IWF-Chef Dominique Strauss-Kahn hatte deshalb am Wochenende bereits seine Bereitschaft angedeutet, mit Athen über eine Streckung von Zahlungsfristen zu verhandeln. Auch die EU-Kommission ist grundsätzlich zu Gesprächen bereit. In Verhandlungskreisen war von einem "Finanzierungsbuckel" in den Jahren 2014 und 2015 die Rede, der das Potential habe, die erfolgreichen Sparbemühungen der Regierung in Athen wieder zunichte zu machen. Insgesamt stellen die EU und der IWF dem Partnerland für die Jahre 2010 bis 2012 maximal 110 Milliarden Euro an Krediten zur Verfügung. Der griechische Finanzminister Giorgos Papakonstantinou sagte in einem Interview, er habe längere Fristen noch "nicht offiziell gefordert", spreche aber mit den Geldgebern darüber.

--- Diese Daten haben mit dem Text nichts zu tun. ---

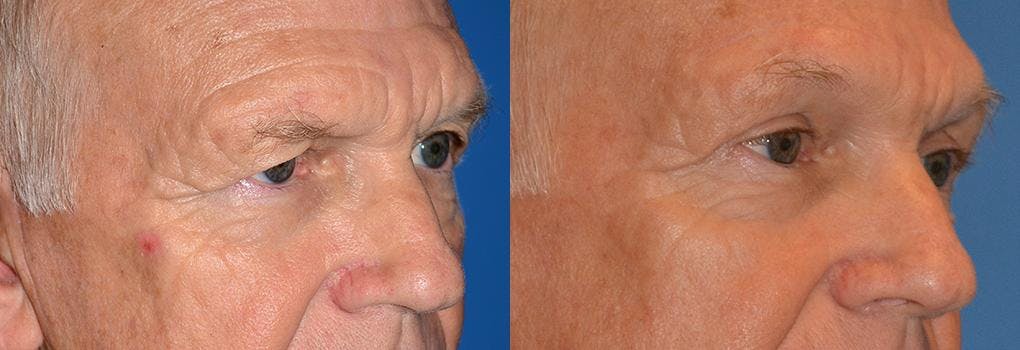 Brow Lift Before & After Gallery - Patient 122405528 - Image 3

Das Problem des Finanzierungsbuckels wird auch innerhalb der Bundesregierung gesehen. Dennoch hat Kanzlerin Angela Merkel (CDU) offiziell die Parole ausgegeben, dass eine Verlängerung des griechischen Hilfsprogramms nicht in Frage komme. Ihr Ziel ist es, den Spardruck auf Athen aufrechtzuerhalten. Entsprechend äußerte sich am Dienstag auch ein Sprecher des Finanzministeriums - ohne sich endgültig festzulegen: "So lange die Griechen die Anforderungen erfüllen, und das tun sie sehr gut, gibt es keinen Grund, den Rückzahlungszeitplan zu verändern", sagte er.

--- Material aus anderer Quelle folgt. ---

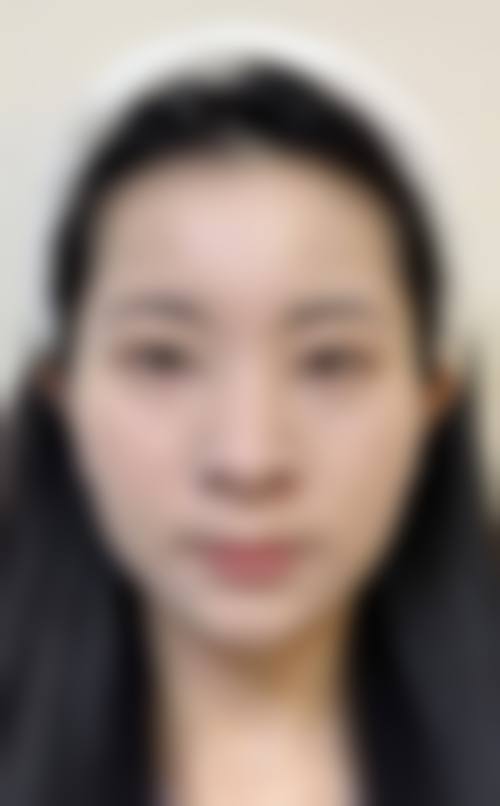 优惠活动详情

Tatsächlich kommt Athen beim Defizitabbau nach eigenen Angaben schneller voran als von IWF und EU-Kommission verlangt. So sank die Neuverschuldung in den ersten drei Quartalen des Jahres im Vergleich zu 2009 um gut 31 Prozent. Laut Kreditvertrag hätten 27 Prozent ausgereicht. Allerdings haben Experten der EU-Statistikbehörde Eurostat am Montag in Athen mit einer eigenen Prüfung der Bücher begonnen. Sie wollen am 22. Oktober ihre Zahlen vorlegen. Nach griechischen Medienberichten lag das Defizit 2009 statt bei 13,6 nun bei 15,1 Prozent des Bruttoinlandsprodukts und damit noch höher, als nach mehrmaligen Korrekturen von griechischer Seite angegeben. Sollten sich die Zahlen bestätigen, könnte eine Verschärfung des Sparkurses notwendig werden.

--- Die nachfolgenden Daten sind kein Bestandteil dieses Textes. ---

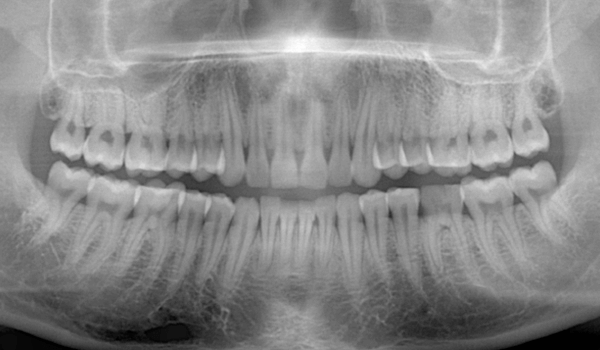 レントゲン、セファログラムの写真（デジタルデータ） イメージ3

Zudem würde Griechenland der Gang an den Kapitalmarkt wohl erneut versperrt. Noch am Dienstag hatte die Finanzagentur des Landes (PDMA) erfolgreich Geldmarktpapiere im Wert von 1,17 Milliarden Euro verkauft. Die Auktion war den Angaben zufolge mehr als vierfach überzeichnet. Auch fiel die Rendite, die die PDMA den Investoren für die Sechs-Monats-Papiere bieten musste, mit 4,54 Prozent nicht so hoch aus wie von Skeptikern befürchtet.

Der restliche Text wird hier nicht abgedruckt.